Records from a data source
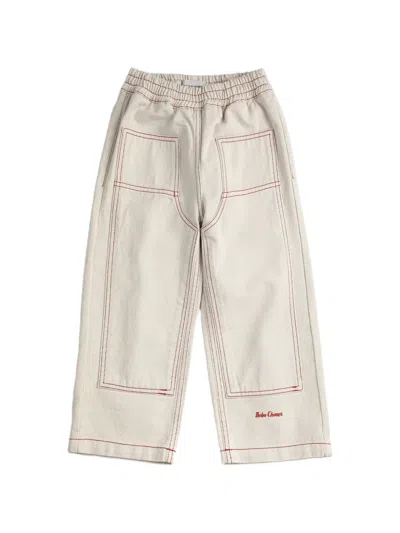 Bobo Choses Kids' Elasticated Embroidery Trousers In White
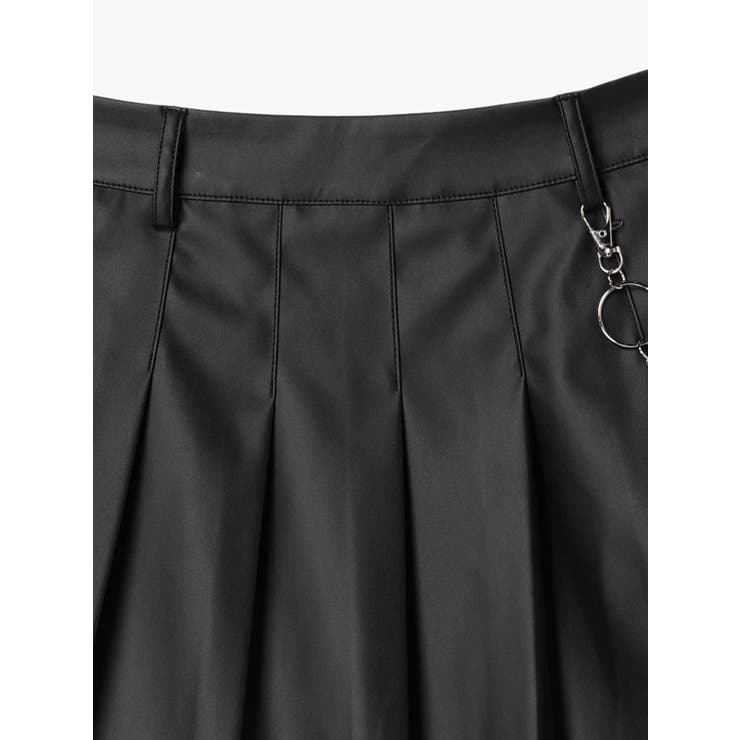 丈42cm］チェーン付き裾レースプリーツスカート[品番：PLMW0010923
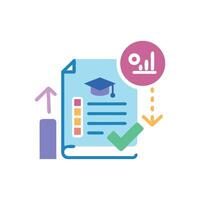 Education data analysis showing progress and success assessment report vector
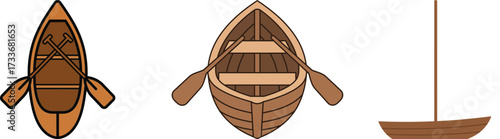 Classic wooden watercraft collection featuring canoes, rowboats, and sailboats, seen from a top-down view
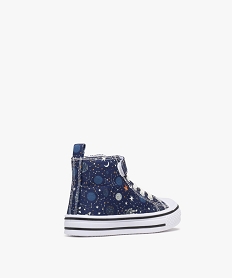 baskets en toile montantes a lacets elastiques et scratch fille bleu standard basketsG879101_4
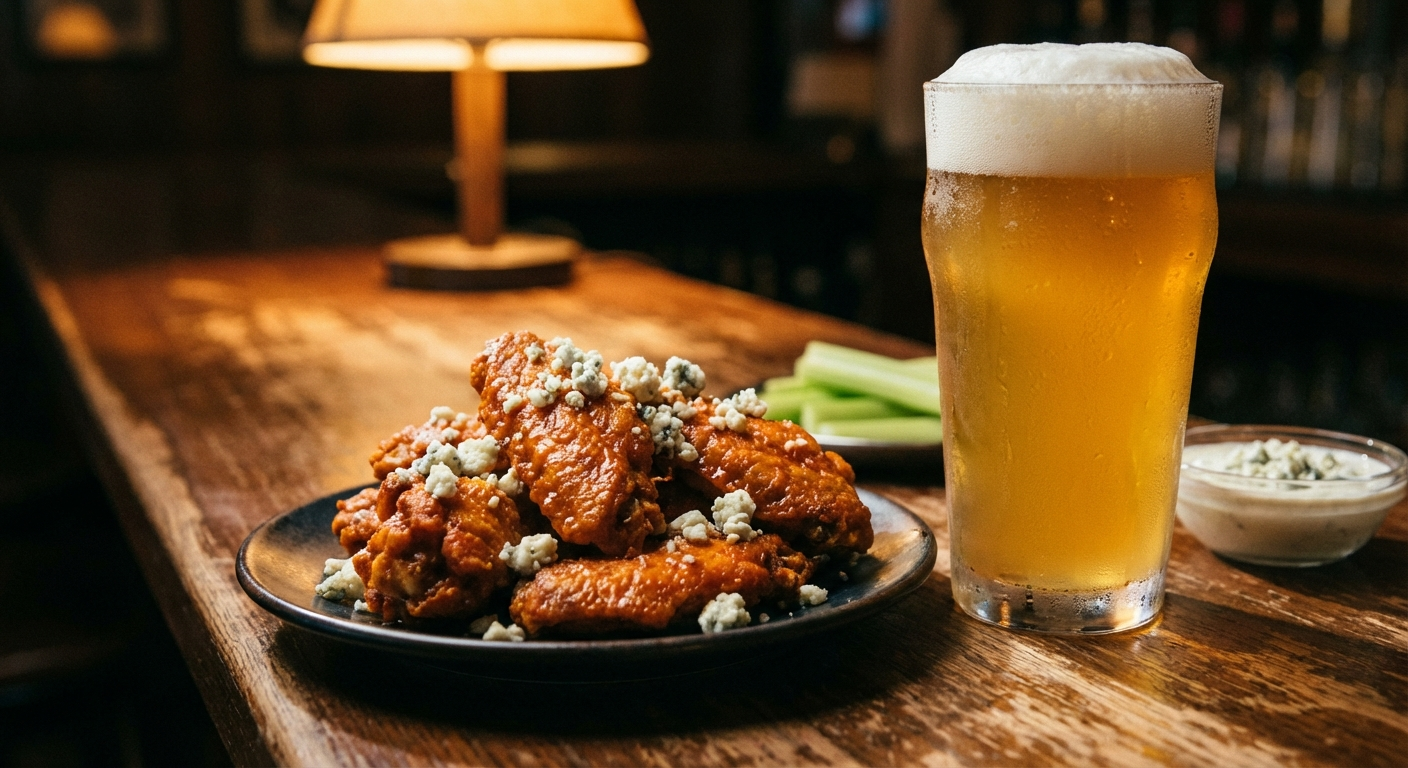 Crispy buffalo chicken wings with blue cheese crumbles paired with a frosty pint of golden wheat beer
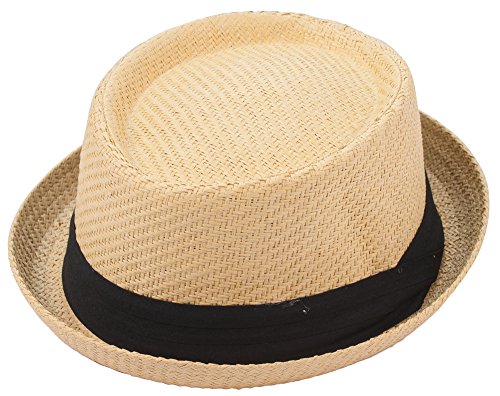 Milani Fedora Roll Up Brim Hat with Grosgrain Ribbon Band Natural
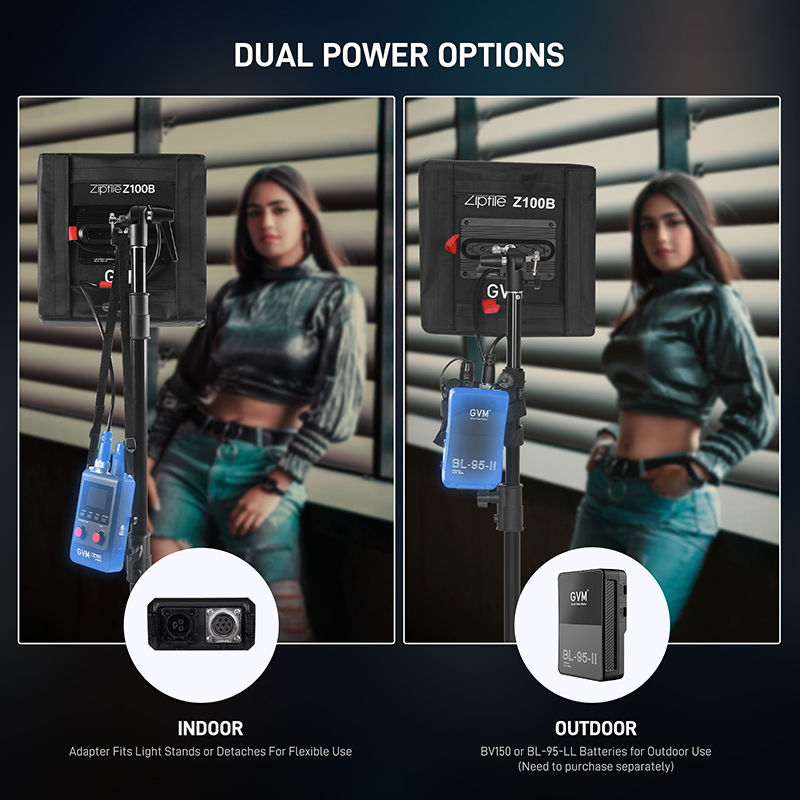 ZipTile Z100B 100W Bicolor can be spliced, portable, support USB-C firmware upgrade light 6 GVM Z100B 7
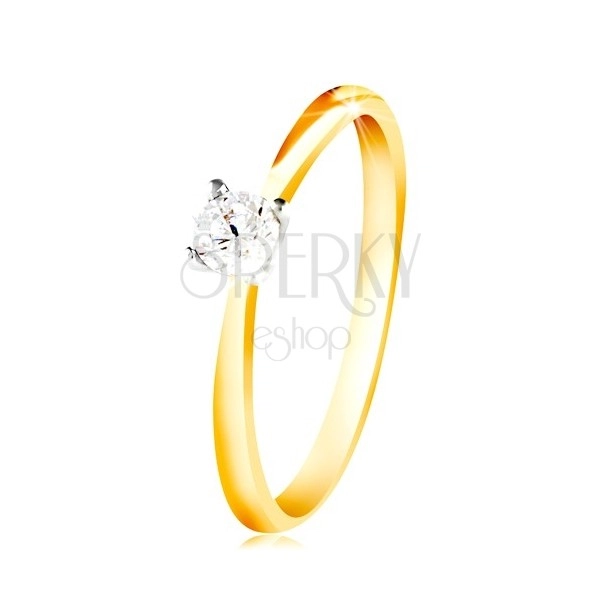 14K Gold Ring - dünne Ringschiene, klarer Zirkon in einer Fassung aus Weißgold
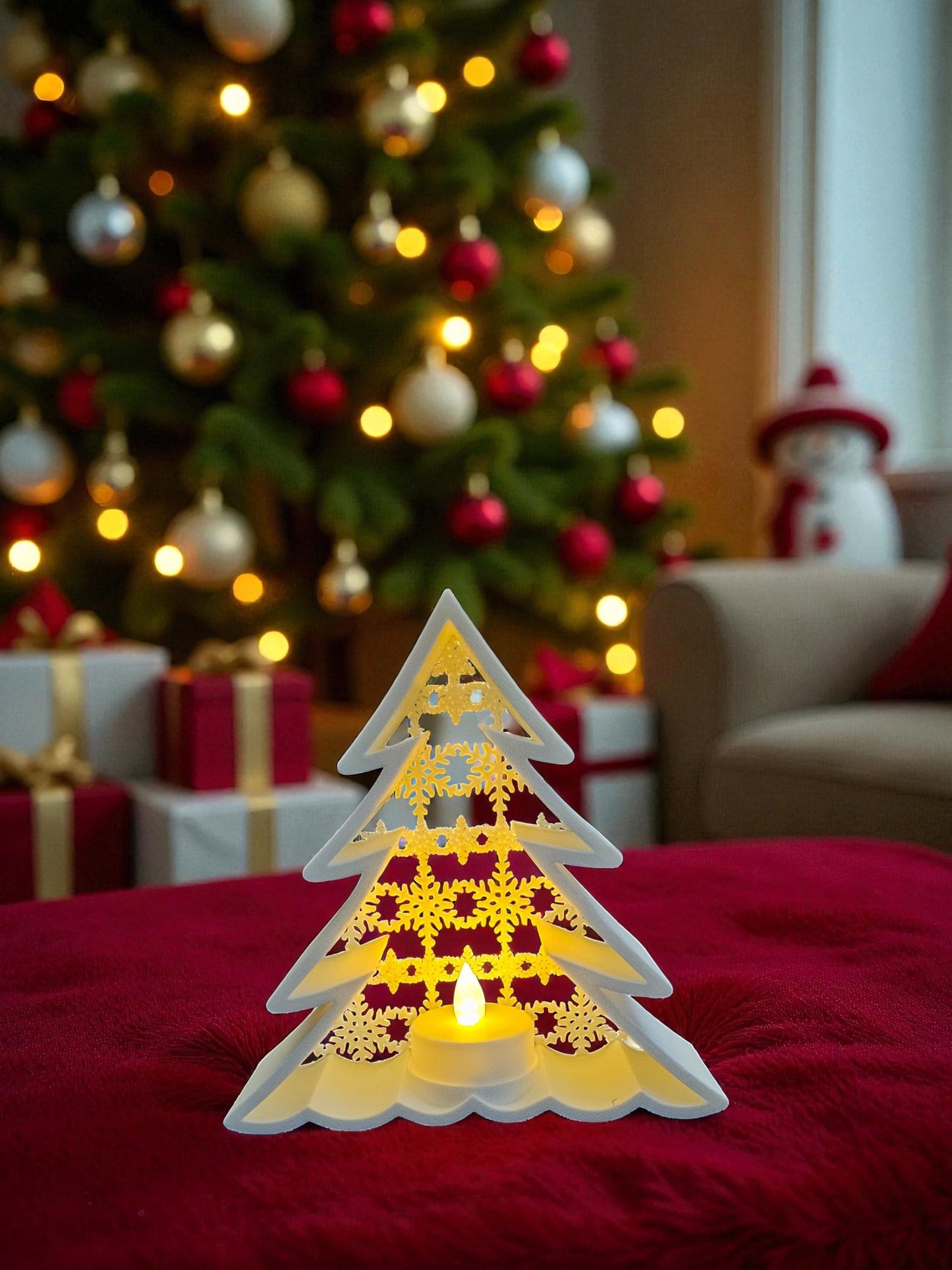 Christmas Tree Light Decoration - 3D Printed - Cosy Holiday Decor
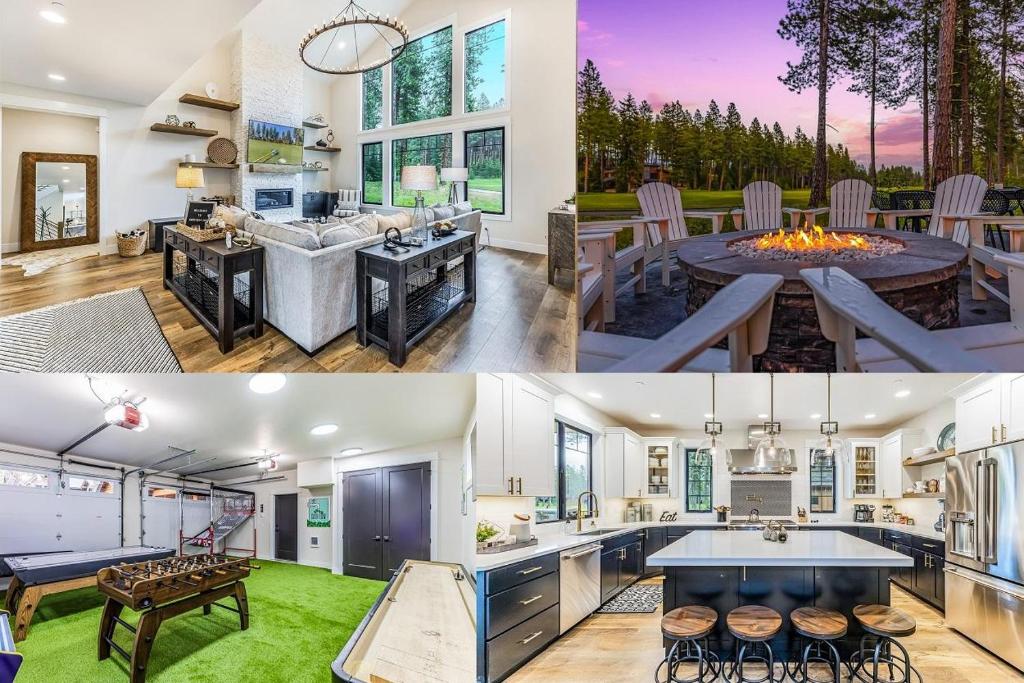 two pictures of a kitchen and a living room at Suncadia Luxe in Cle Elum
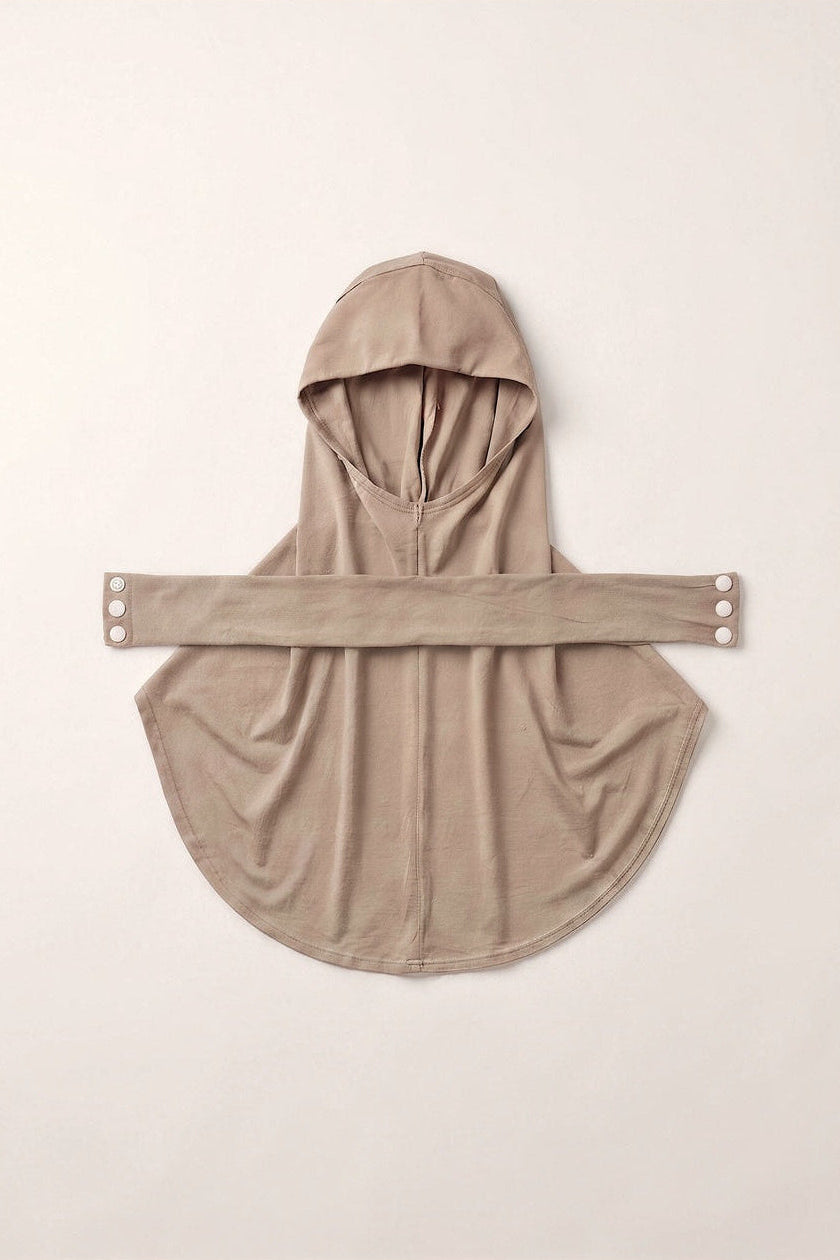 Mocha children's snap hijab under cap, second view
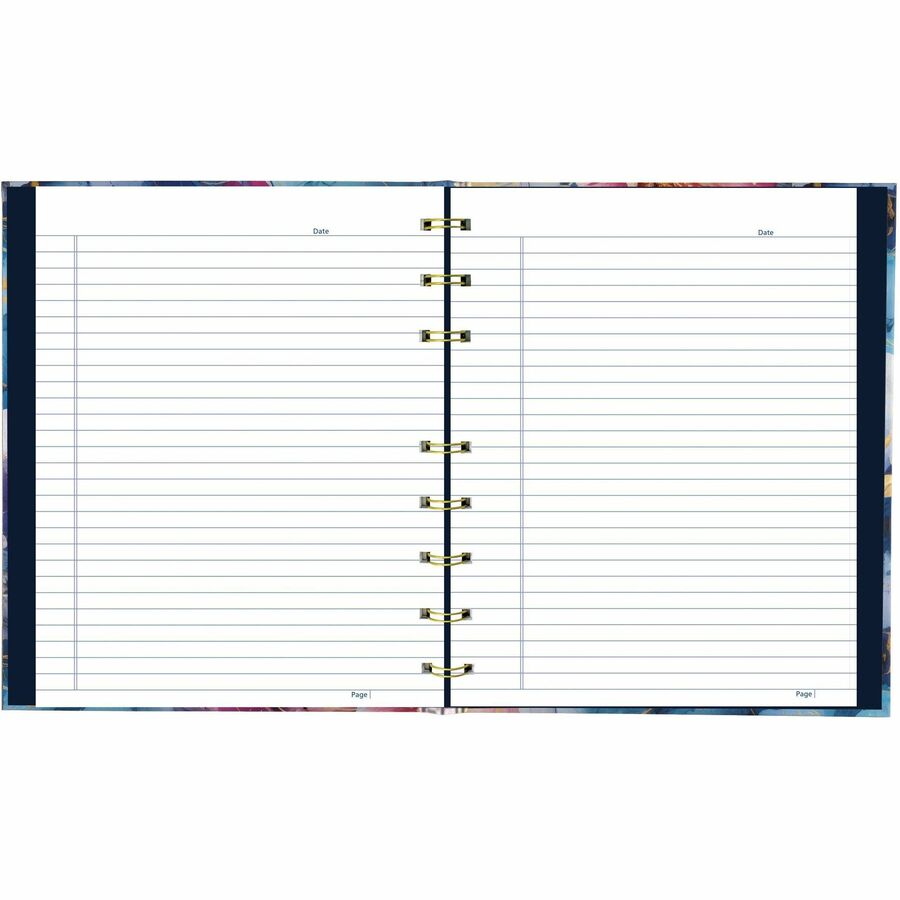 Blueline NotePro Notebook, Fashion Collection, 192 Pages, Midnight Floral - 192 Pages - Printed - Twin Wirebound - Ruled Margin - 9 1/4" x 7 1/4" Sheet Size - White Paper - Gold Binding - Midnight Floral Cover - Hard Cover, Flexible, Self-adhesive Tab,...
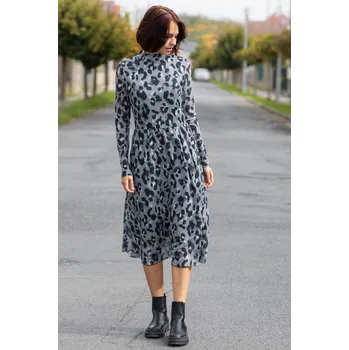 Dámské šaty Broadway dámské midi šaty Celenia zvířecí vzor šedé Velikost: S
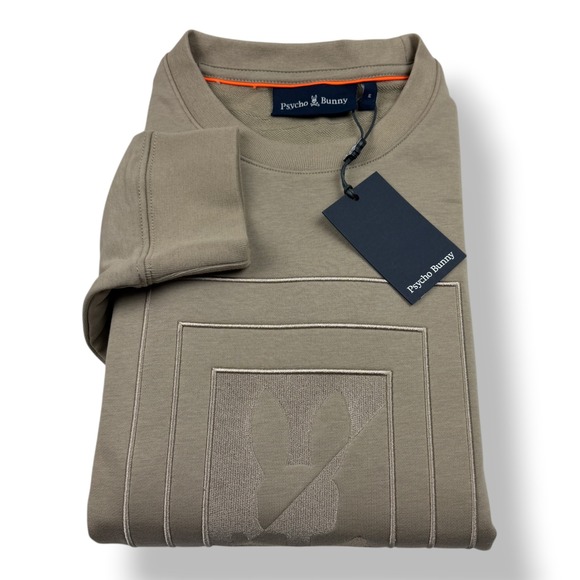 Psycho Bunny Other - Psycho Bunny Men Oak City Crew Neck Sweatshirt Stone Beige HL24-B6S274E200 M NWT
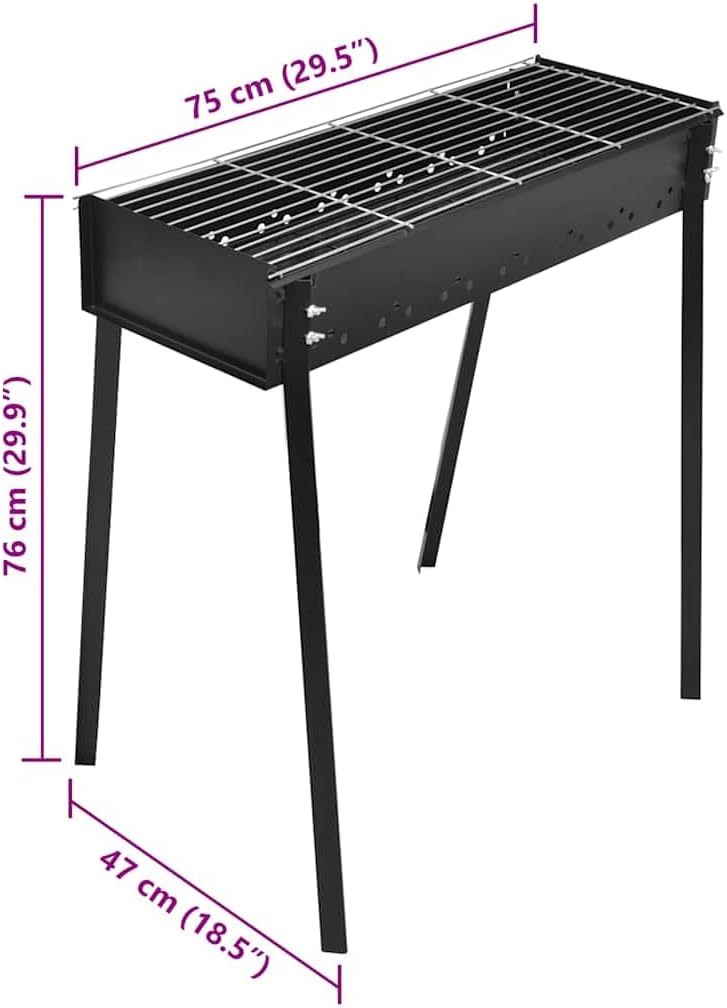 vidaXL Charcoal Barbecue, Charcoal Grill for Outdoor Camping Picnic Patio, Barbecue Grill for Home Party, Smoker for Deck Backyard Cooking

* **Problem requirements**:
Could you set down exactly, and only, the lines from the line containing "Blueline NotePro Notebook, Fashion" through the last line of the records, both included, without the pictures?

* **Written answer**:
 Blueline NotePro Notebook, Fashion Collection, 192 Pages, Midnight Floral - 192 Pages - Printed - Twin Wirebound - Ruled Margin - 9 1/4" x 7 1/4" Sheet Size - White Paper - Gold Binding - Midnight Floral Cover - Hard Cover, Flexible, Self-adhesive Tab,...
 Dámské šaty Broadway dámské midi šaty Celenia zvířecí vzor šedé Velikost: S
 Psycho Bunny Other - Psycho Bunny Men Oak City Crew Neck Sweatshirt Stone Beige HL24-B6S274E200 M NWT
 vidaXL Charcoal Barbecue, Charcoal Grill for Outdoor Camping Picnic Patio, Barbecue Grill for Home Party, Smoker for Deck Backyard Cooking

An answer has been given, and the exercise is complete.